---- Information given

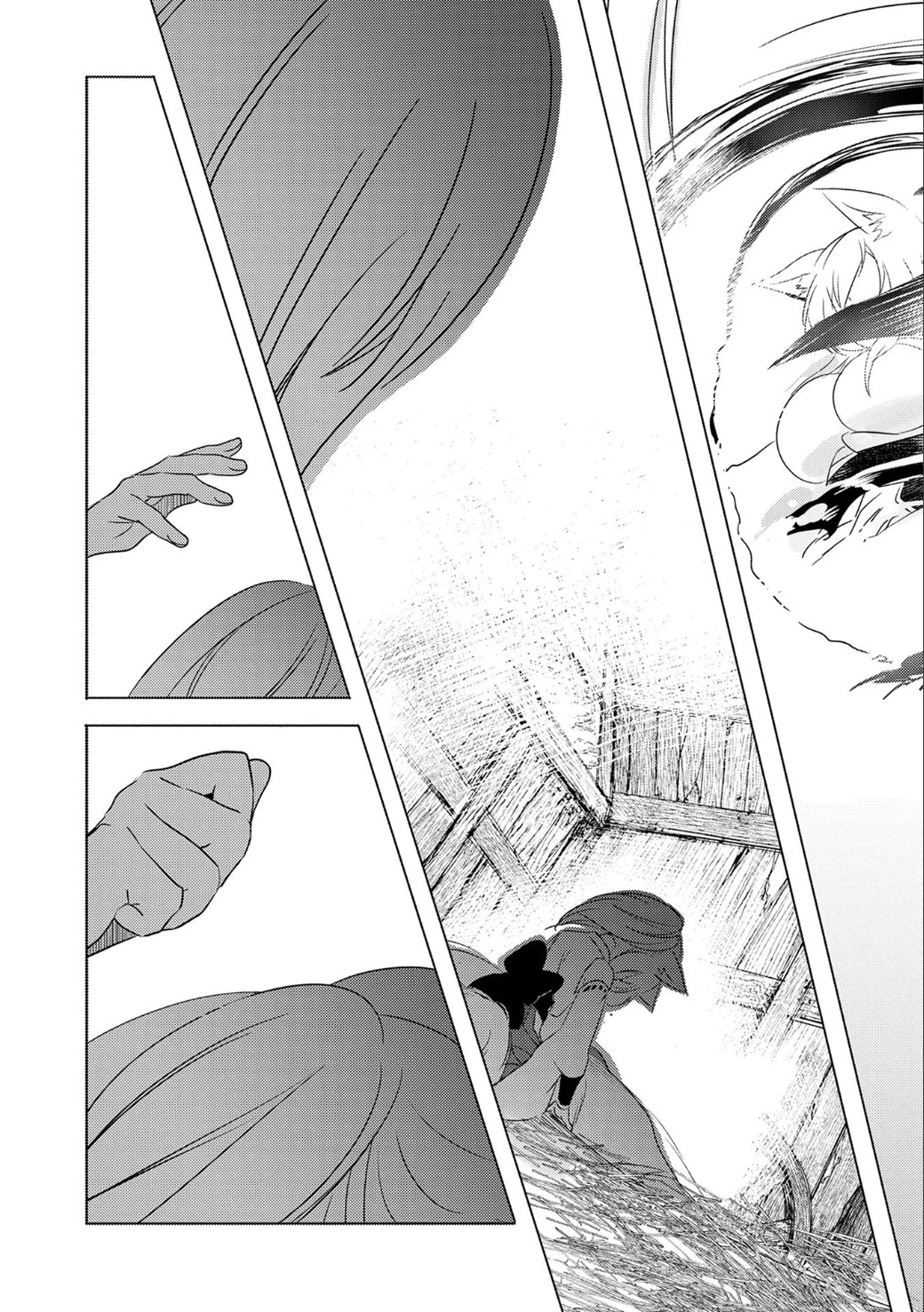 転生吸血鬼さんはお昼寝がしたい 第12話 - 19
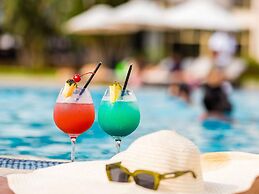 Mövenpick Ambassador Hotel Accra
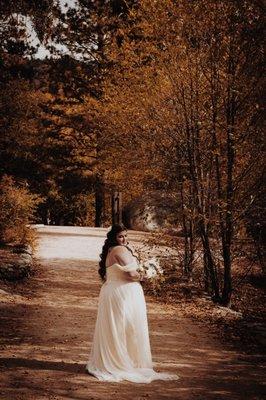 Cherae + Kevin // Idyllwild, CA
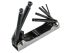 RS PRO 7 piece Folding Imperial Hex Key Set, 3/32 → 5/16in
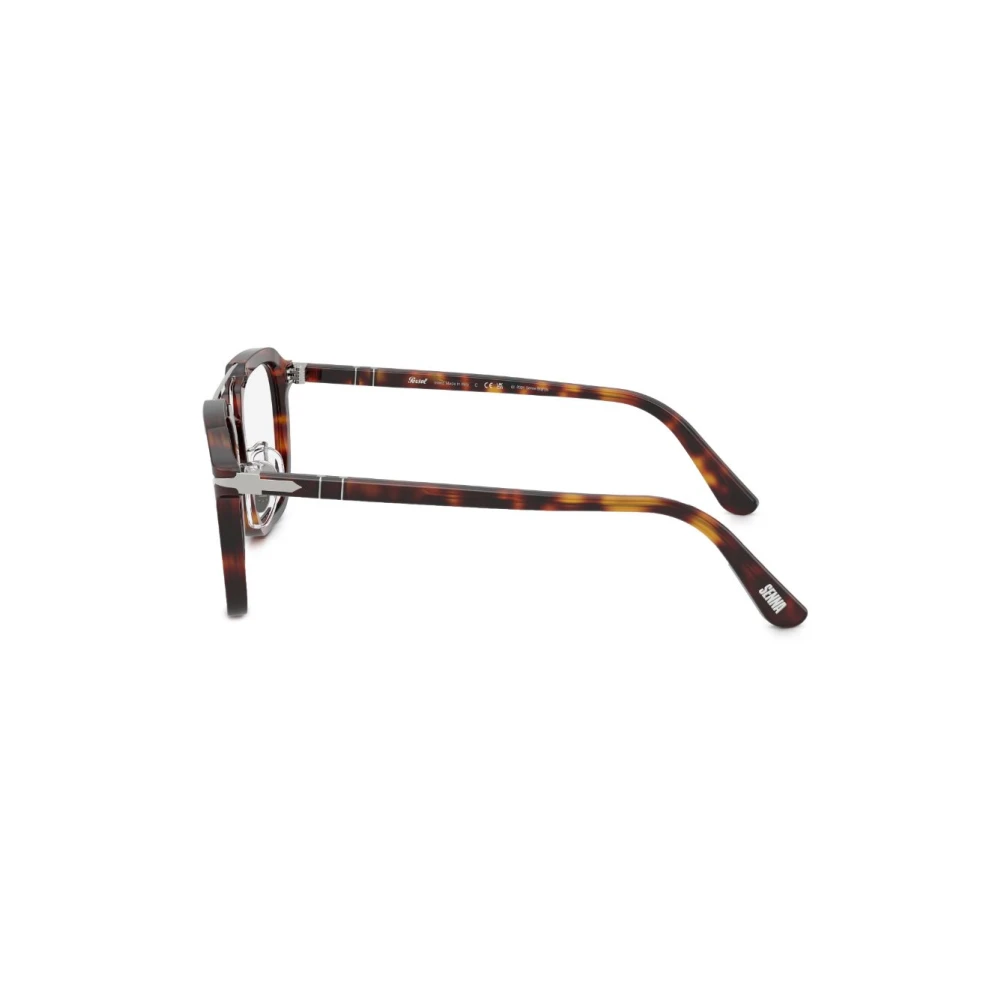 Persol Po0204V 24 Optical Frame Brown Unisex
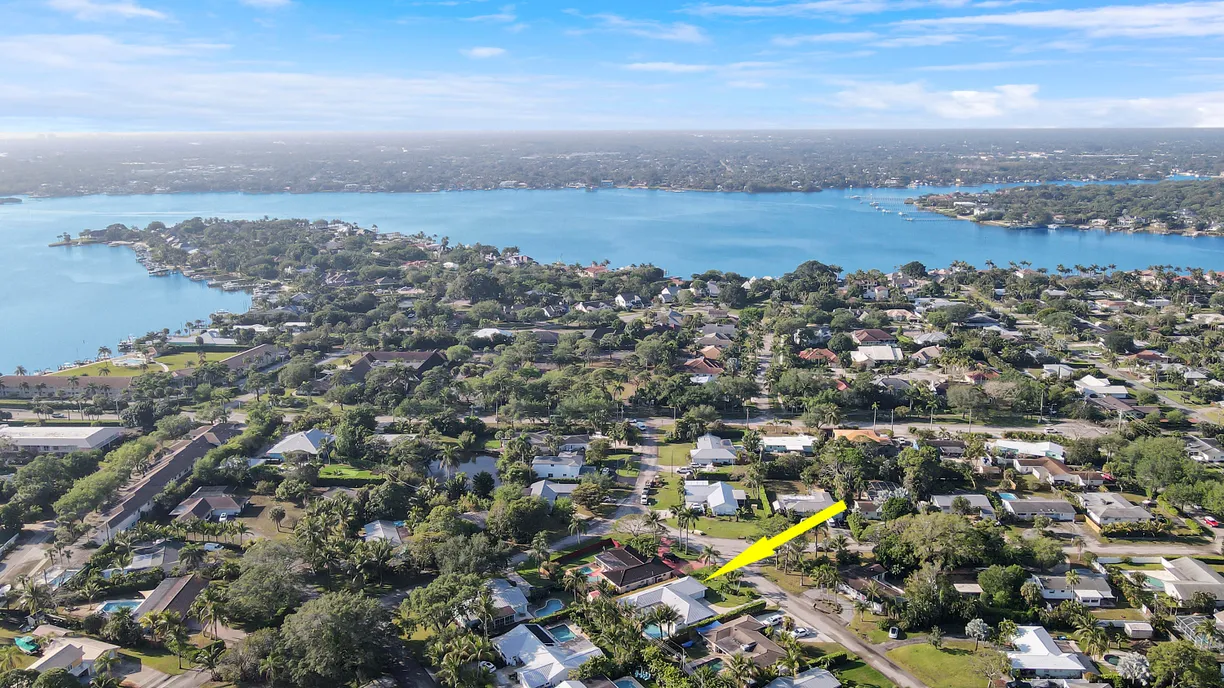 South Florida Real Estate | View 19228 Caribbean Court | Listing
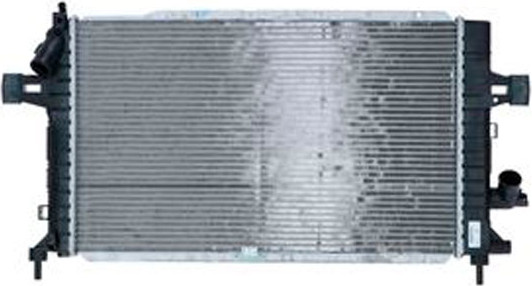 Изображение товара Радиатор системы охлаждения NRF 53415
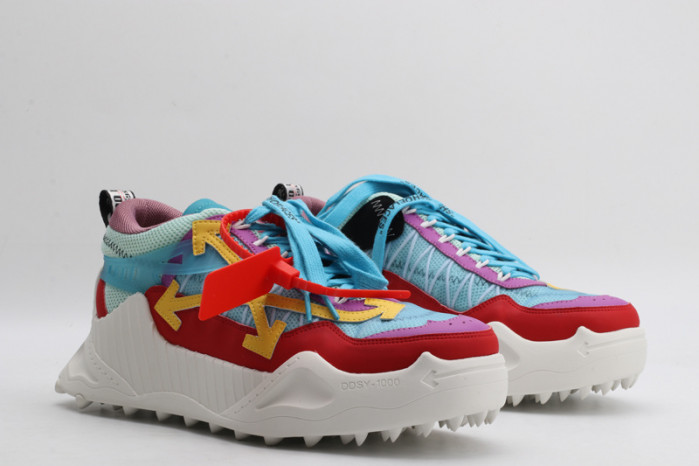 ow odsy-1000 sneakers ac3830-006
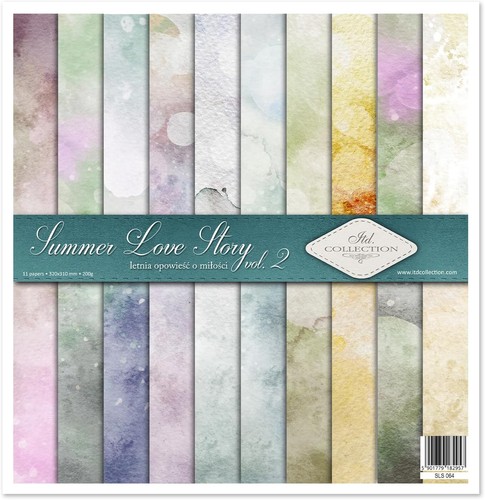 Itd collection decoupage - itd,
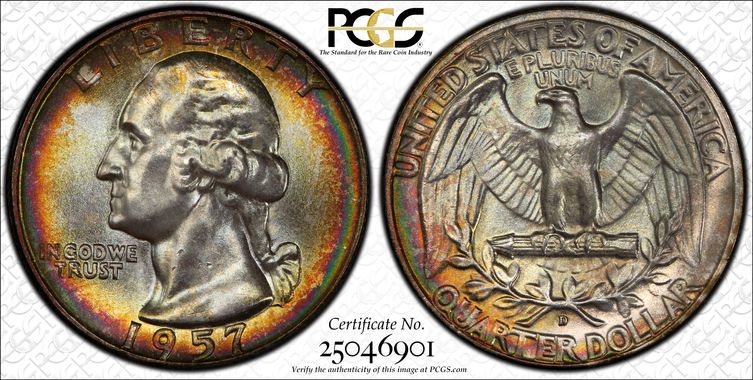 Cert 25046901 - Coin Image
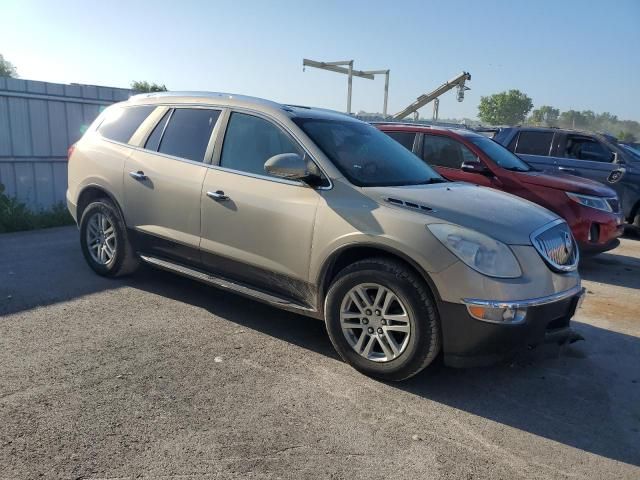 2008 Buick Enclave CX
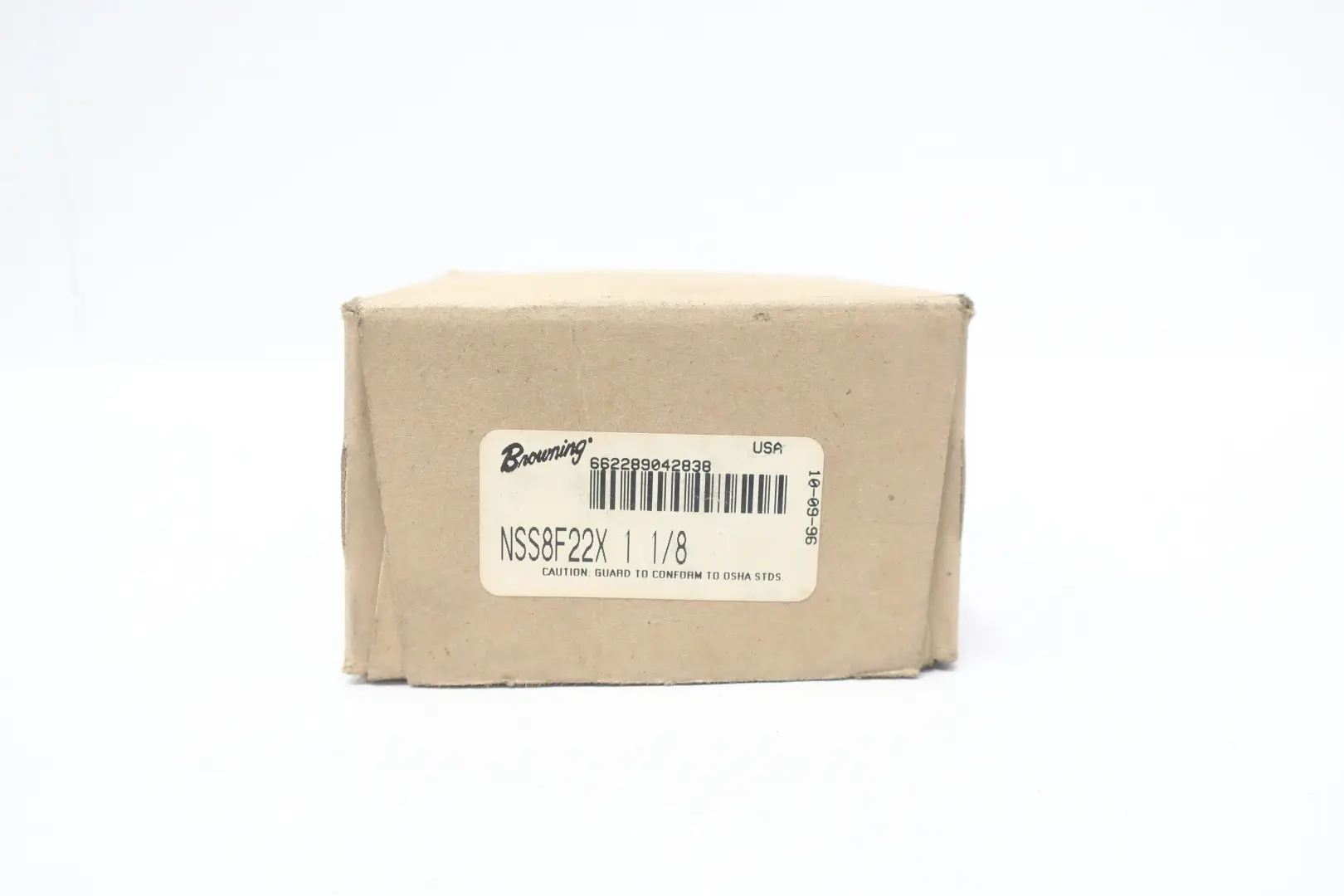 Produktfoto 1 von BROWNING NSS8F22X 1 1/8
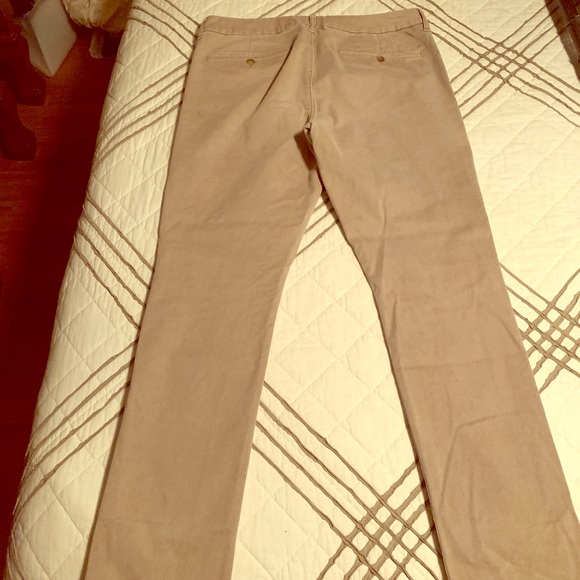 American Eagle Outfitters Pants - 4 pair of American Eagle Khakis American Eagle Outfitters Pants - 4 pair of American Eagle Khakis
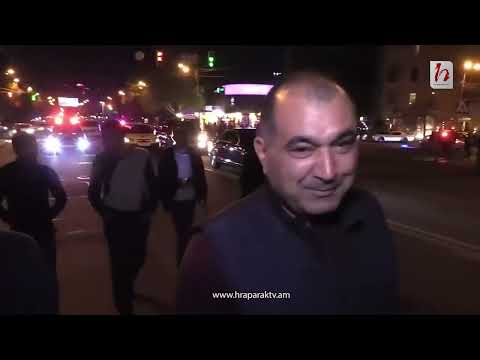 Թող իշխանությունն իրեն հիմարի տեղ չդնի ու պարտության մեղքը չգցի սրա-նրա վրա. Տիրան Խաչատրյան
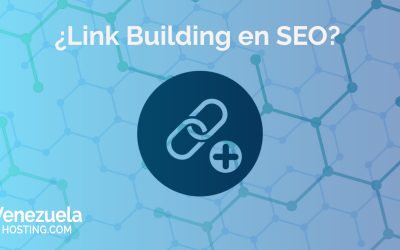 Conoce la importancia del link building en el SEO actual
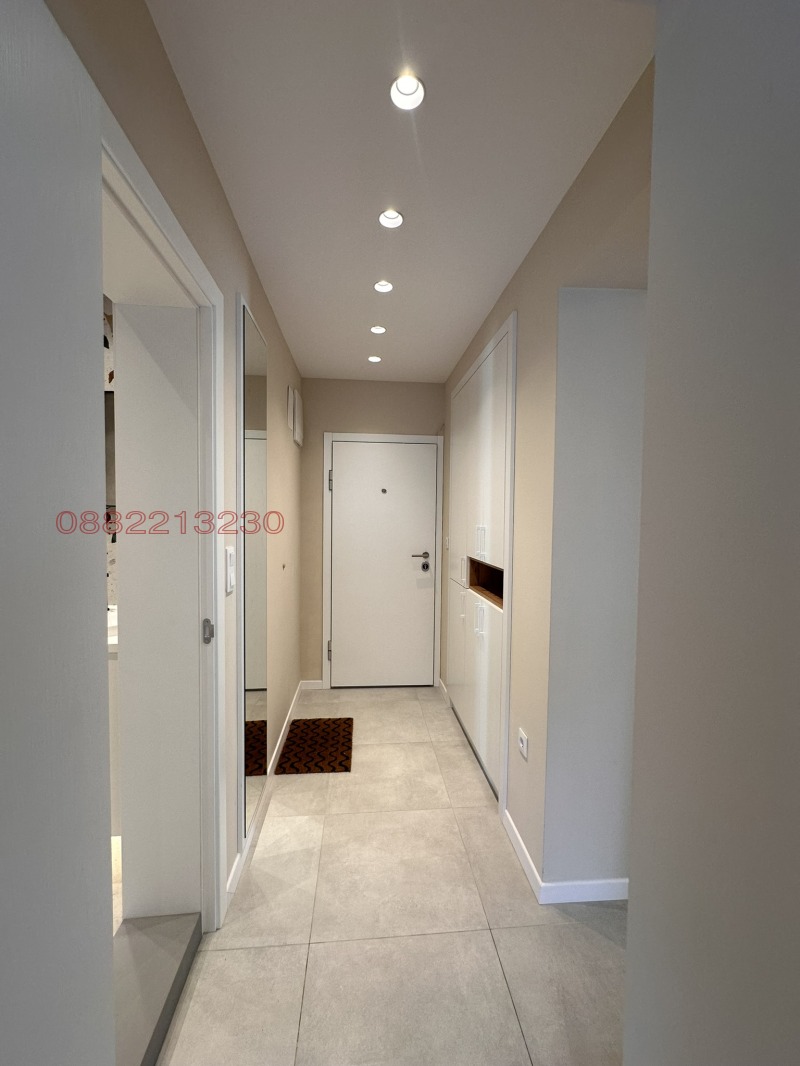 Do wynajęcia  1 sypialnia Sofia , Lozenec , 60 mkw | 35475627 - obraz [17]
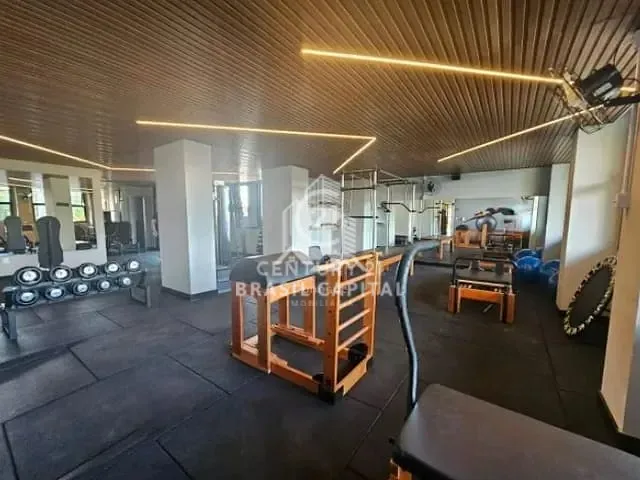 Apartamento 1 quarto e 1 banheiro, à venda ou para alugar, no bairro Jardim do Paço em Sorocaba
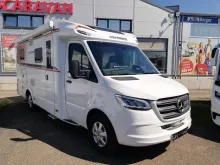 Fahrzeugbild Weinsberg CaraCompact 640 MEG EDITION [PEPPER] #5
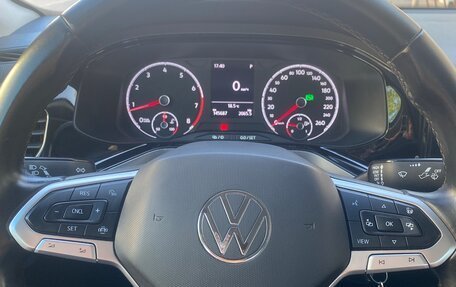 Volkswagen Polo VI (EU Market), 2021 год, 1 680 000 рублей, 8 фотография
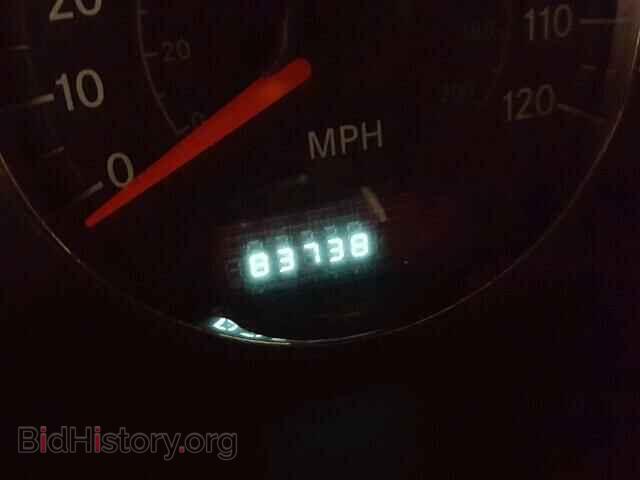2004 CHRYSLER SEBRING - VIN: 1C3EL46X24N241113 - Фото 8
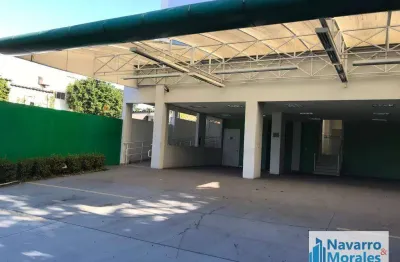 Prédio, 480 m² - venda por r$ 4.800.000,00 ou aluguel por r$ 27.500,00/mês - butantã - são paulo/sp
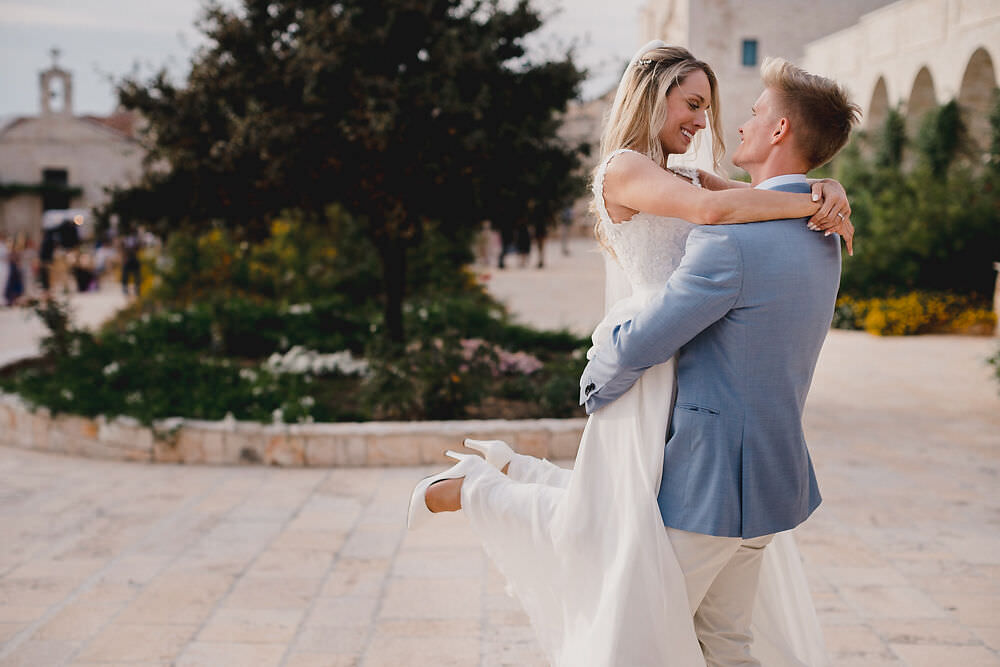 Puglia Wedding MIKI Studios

--------

→ Directions
What you should repeat exactly is the run of lines from the top of the listing above through the line with "South Florida Real", without pictures.

→ Written answer
 転生吸血鬼さんはお昼寝がしたい 第12話 - 19
 Mövenpick Ambassador Hotel Accra
 Cherae + Kevin // Idyllwild, CA
 RS PRO 7 piece Folding Imperial Hex Key Set, 3/32 → 5/16in
 Persol Po0204V 24 Optical Frame Brown Unisex
 South Florida Real Estate | View 19228 Caribbean Court | Listing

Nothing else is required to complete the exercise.